The last one was an Atlas car with Accumate couplers/truck.



> I had a few MicroTrain cars that would derail at sporadic times. I solved that by removing all the un-coupler wires from the bottom of the couplers(the copper wire in the pic). They seemed to get pushed out of alignment in the tighter radius and would push onto the inside of the rails. None of my stuff has them anymore and it seemed to stop all problems.


About the little wires - I don't like them for two reasons.

#1 Without the wires I can pull a car off the tracks straight up and it doesn't tangle with the other cars it's coupled to. With the wires on it tends to grab the other cars coupler. 

#2 I played around with a magnetic uncoupler and it didn't work very reliably so months ago I decided I didn't want that headache.

On Accumate couplers I pull the wire off.

But wait a minute - you can't completely remove the wire from a Micro Trains coupler because it's required to make it function properly. 

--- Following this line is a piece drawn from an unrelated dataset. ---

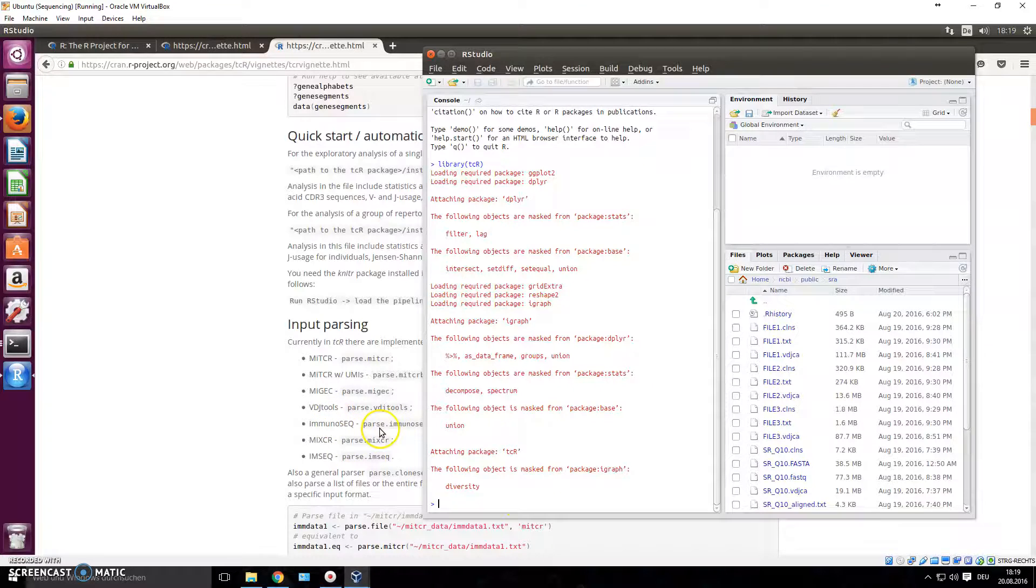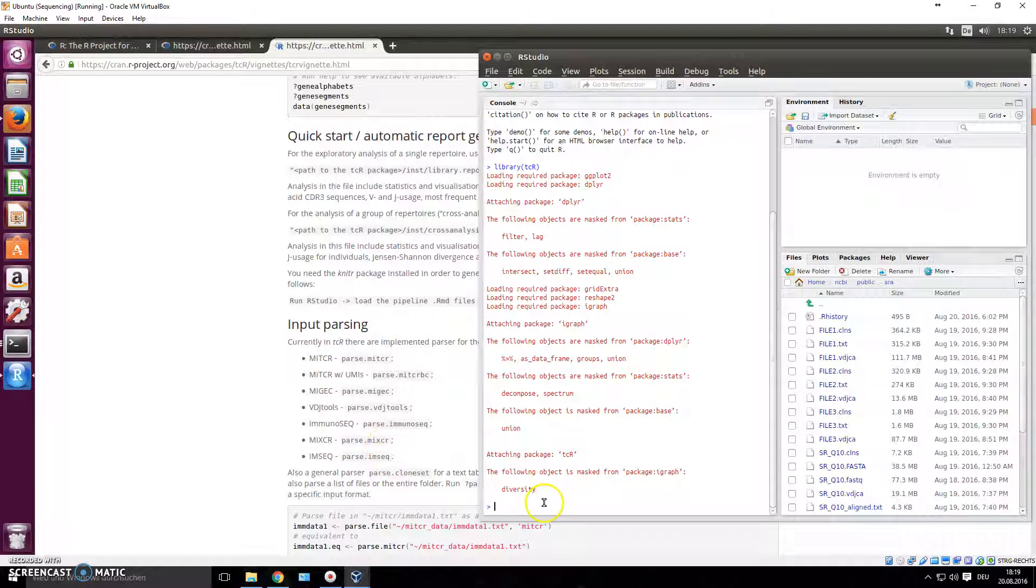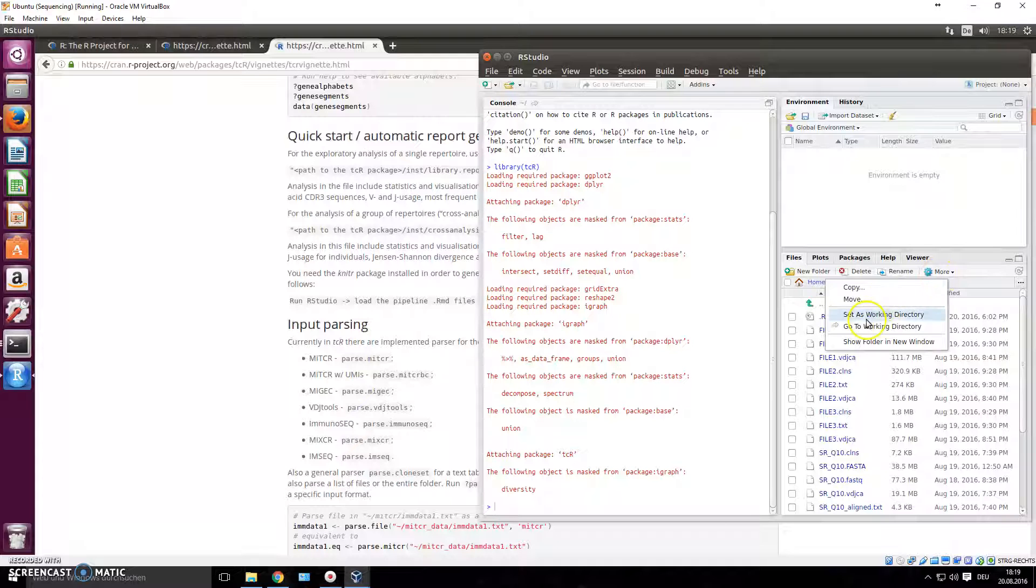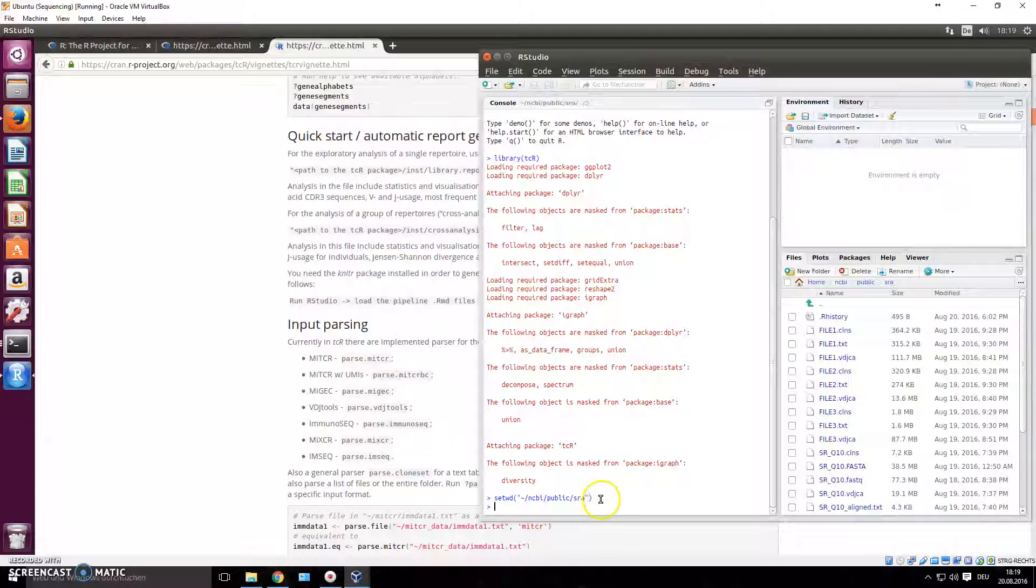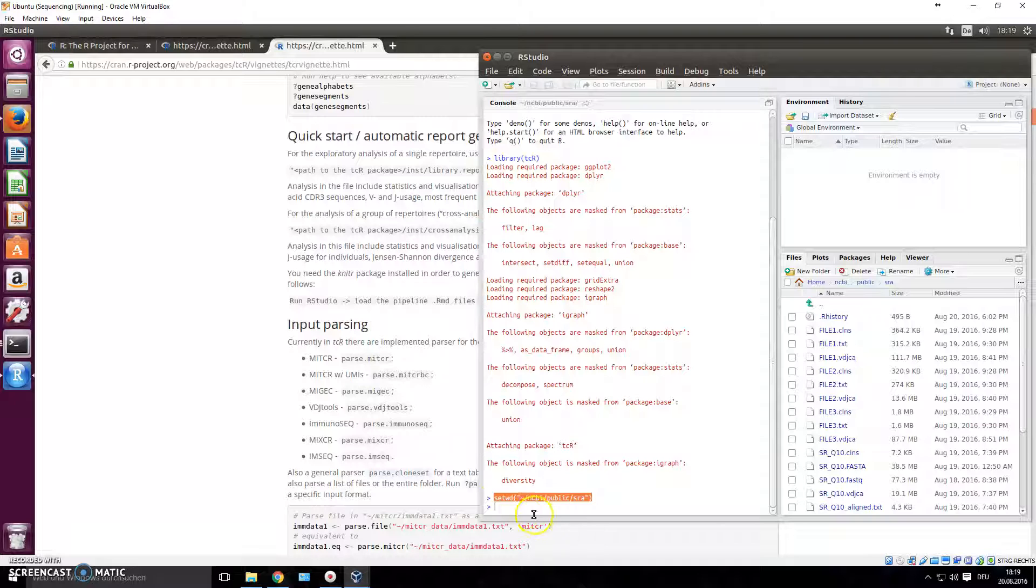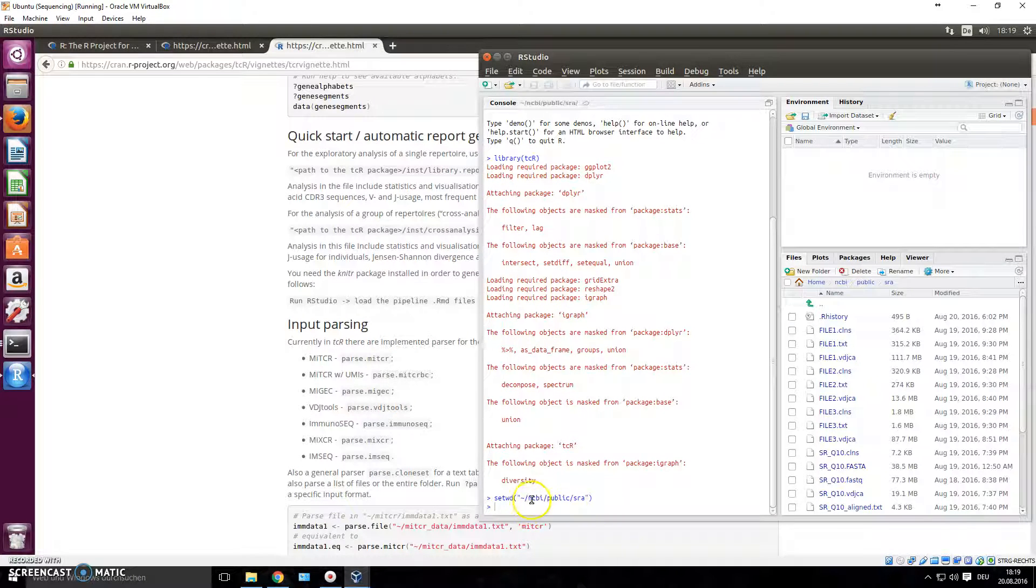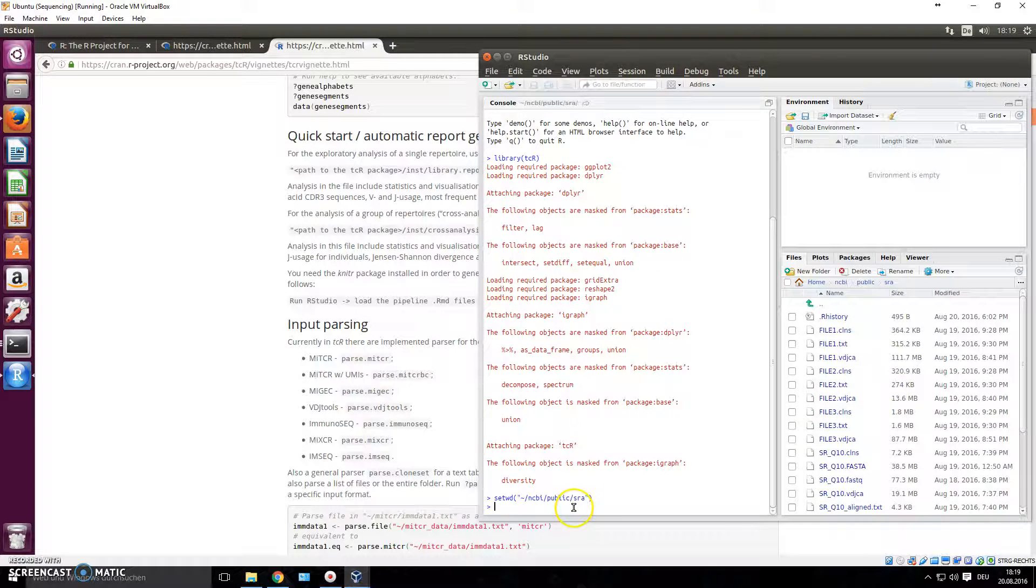You do this using this command - it says it right here: parse.mixcr. So the first thing you have to do is set this directory to a working directory. We go to More, Set As Working Directory. Now you see the command actually being executed here as well, so we could have just written setwd, open brackets, close brackets, and in between in quotation marks the path of the folder.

> If you aren't using magnetic uncouplers under your tracks, I don't , and you want your frieght cars to look more prototypical then cut off your dingers (trip pins.) For M.T. cut it flush to the botton of the coupler with a Xuron tool. For Accumates you can just wiggle and pull...they come right out (they are pressed into a hole in the bottom of the coupler.)
> 
> http://www.nscale.net/forums/archive/index.php/t-11346.html


What I did was to _reverse_ the wire - I remove it and put it in facing backwards. Another way I did it on the engine couplers was to cut it off and leave a small piece in the coupler to make it work right.


----------



## bwoogie (Mar 31, 2012)

Does the length of the car matter?


----------



## powersteamguy1790 (Mar 26, 2012)

bwoogie said:


> Does the length of the car matter?


The length of the car matters and its chance of derailment is solely dependent upon the curved radii of track you use. If you use radii under 11 inches the chances of a very long car derailing significantly increases.


----------



## Xnats (Dec 5, 2010)

Ok I made a major booboo. X you are correct with the MicroTrain couplers. It was the Altas and Katos that I removed the wires from because I was having problems with them spinning out of place. I just snipped the wires on the MT couplers so everything matched. I like just pulling cars straight up too, it makes things so much easier. Once you said it, I had to go pull everything out of my box and look at them  sorry about that.


----------



## Carl (Feb 19, 2012)

After I had checked my track, as well as every car.....everything has gone well. My problem was with the height of the coupler.


----------



## dualgauge (Apr 4, 2009)

I have had couplers that did not pivot freely would pull cars off the track.
Dan


----------